Gardening This Weekend: April 29, 2021
May is the time that plants grow the most actively. Temperatures are warming. Rainfall hopefully has come or will come to your part of Texas. And here are the things you’ll want to accomplish over the next three or four days.
• Nursery stock. Replace plants that were lost in the February cold, but choose types that will really match up with your landscaping goals. There have been rushes into nurseries this spring. If local nurseries don’t have what you need, wait for supplies to be replenished. If you have to wait until fall, that’s OK.
• New turf, from sod, plugs or seed. Soils are warm enough that the grass will start growing quickly, yet it’s still cool enough that you won’t have to worry about the tiny new roots drying out really quickly between waterings. Seedings, however, should be watered lightly daily for the first 10-15 days to be sure their brand new roots don’t dry in strong spring winds.
• Summer color as your cool-season crops play out.
• Perennials while nurseries still have good supplies.
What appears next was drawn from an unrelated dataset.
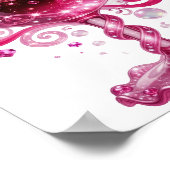 Verre à vin rose argent vibrant impression (Coin)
Plant into well-prepared garden soils since they’ll be remaining in place for a longer period of time.
• Remove frozen tops of shrubs and vines. You’ve given them enough time to commit to new growth. Reshape any new growth as needed to maintain plants’ natural growth forms.
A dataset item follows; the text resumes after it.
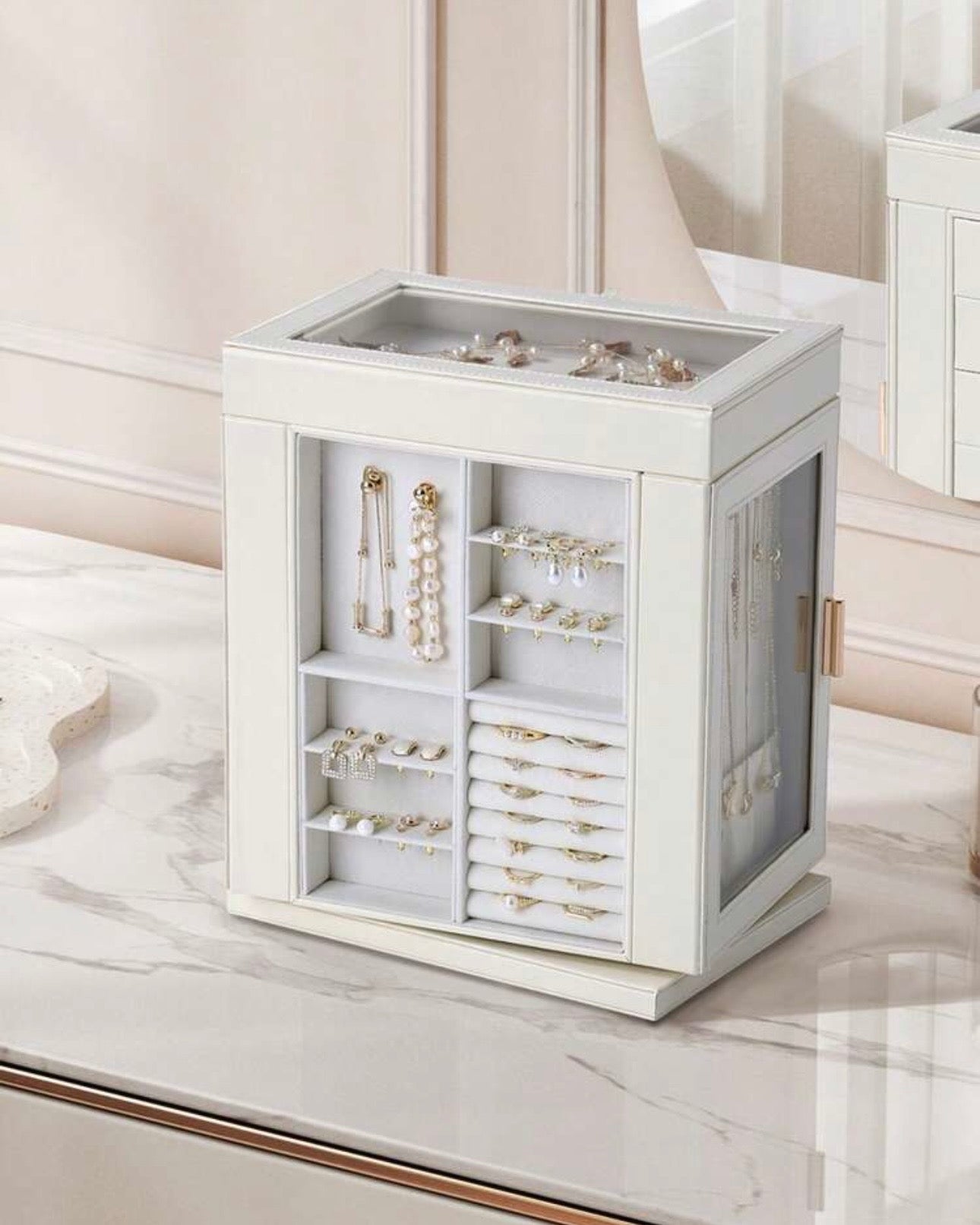 360° Rotating Jewelry Storage Box – Multiple Layer Organizer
• Crape myrtles are an exception. Some are still deciding to leaf out. Some are growing perfectly normally. Some have died back to the ground and need to be trimmed to remove the dead trunks so that sprouts can be trained to be the new trunks. See related story this issue.
• Do not prune oaks yet. Do not allow companies to inject products into their trunks. Just sit tight! Oaks are leafing out at curiously erratic rates, but most are indeed leafing out. Use only certified arborists. Don’t ever use the services of “door-knocking guys in trucks.” Check credentials. Watch here in the next 2-3 weeks for the words of some of Texas’ finest professional tree experts.
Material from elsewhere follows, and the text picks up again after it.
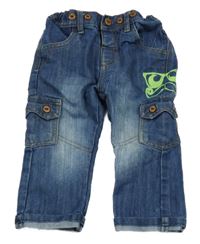 Modré cargo rifle s potiskem ERgee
• Flowers and vegetables with all-nitrogen fertilizer similar to what you would apply to turfgrass. You might even want to apply a water-soluble, high-nitrogen product for quickest feeding.
• Turf with all-nitrogen, high-quality lawn food with upwards of half of its nitrogen in slow-release form.
• Same fertilizer to trees by making an extra pass beneath the trees while running your spreader over the turf. The trees’ roots are in the same soil. They will compete quite well.
• All of your shrubs and groundcover beds with the same fertilizer. (Yes – one fertilizer may be all that most home gardeners will need for almost all of the plants that they’re growing.)
ON THE LOOKOUT
• Aphids on tender new growth of almost any type of plant. They will always be in clustered populations with pear-shaped bodies. Most general-purpose organic or inorganic insecticides (except Sevin) will control them, or you may be able to blast them off with a hard stream of water.
• Snails, slugs and pillbugs eating holes in tender, new foliage, usually at night. Control with dust or baits, or sink pie pan filled with beer flush with soil. They will be attracted to the fermenting smell and will drown in the pan.
• Galls causing distorted growths on leaves and twigs of oaks, pecans and other trees. No harm. No preventive or cure.
• Non-grassy weeds such as clover and dandelions. Control with broadleafed weedkiller spray containing 2,4-D.
• Annual grassy weeds Poa annua (annual bluegrass) and rescuegrass. There is no control now, but they will soon die as temperatures climb up toward 90F. Prevent the next generation with pre-emergent applied between August 25 and September 5.